The first commercial roller coaster in the United States gave its first ride on today’s date, June 16 in 1884 at New York’s Coney Island, traveling at an “invigorating” 6 m.p.h. according to one source. I must admit that I’ve run into some different accounts of what the correct date for this event , including June 13 and a couple of others. I will just put it here where the History Channel website says it is and if I am able to really nail down another date at some point in the future, I will move it there next year. ANYWAY… this baby was the brainchild of one LaMarcus Adna Thompson who was looking for something that would bring wholesome fun to amusement parks.
It Started With Coal Cars….
The idea for this future ultimate fun device had it origins in hard work… the hard work of coal moving in Pennsylvania in the 1820’s. It seems that the owners of the Mauch Chunk Railway in Eastern Pennsylvania needed to move a train loaded with coal, mules and other such cargo from the top of Mount Pisgah down to a canal. So they laid this track down the mountain on a fairly gentle downgrade, loaded up the cars, brought the coal down with the cars moving by the force of gravity and then hauled the cars back up for another load. Eventually a return track was laid and the cars were switched over to that for the return trip up the mountain, and the system was dubbed the “Switchback”. However when coal production moved elsewhere, the tracks fell into disuse. So the tracks were turned into a tourist attraction giving scenic rides of the countryside in the 1870’s
And Turned Into a Thrill Ride!!
Of course the success of this new attraction brought investors anxious to capitalize on the profit making potential of this idea. A patent in 1878 to Brooklynite Richard Knudsen used a similar system of tracks and switching, but Knudsen never built his design. Enter LaMarcus Adna Thompson (below). This man was
evidently a fairly stern fellow, a moralist and it has been said that he was also a Sunday school teacher although there is no written record to that effect. But he apparently looked upon amusement parks as sinful places in need of redemption. And he based his design for wholesome entertainment on Knudsen’s of two sets of parallel tracks. Visitors would climb to the top of a tower and board a car that then moved down six hundred feet (at 6 mph) over an undulating track. At the far end the car would be “switched back” to another track and returned to the tower.
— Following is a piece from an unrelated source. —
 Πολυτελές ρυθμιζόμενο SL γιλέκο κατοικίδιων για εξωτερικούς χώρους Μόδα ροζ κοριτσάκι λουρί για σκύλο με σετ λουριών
These cars, traveling at that six miles per hour, provided great scenic of the Coney Island beach and boardwalk. At a rate of 5 cents a ride Thompson was able to recoup his original investment of $1,600 in some three weeks. Thompson’s ride, the “Gravity Pleasure Switchback Railway” was quickly out-paced by competitors, but continued to make improvements on his design, adding more scenic elements to future incarnations. But because of the ride that he premiered on this date in 1884 he was known the “Father of Gravity” ever after.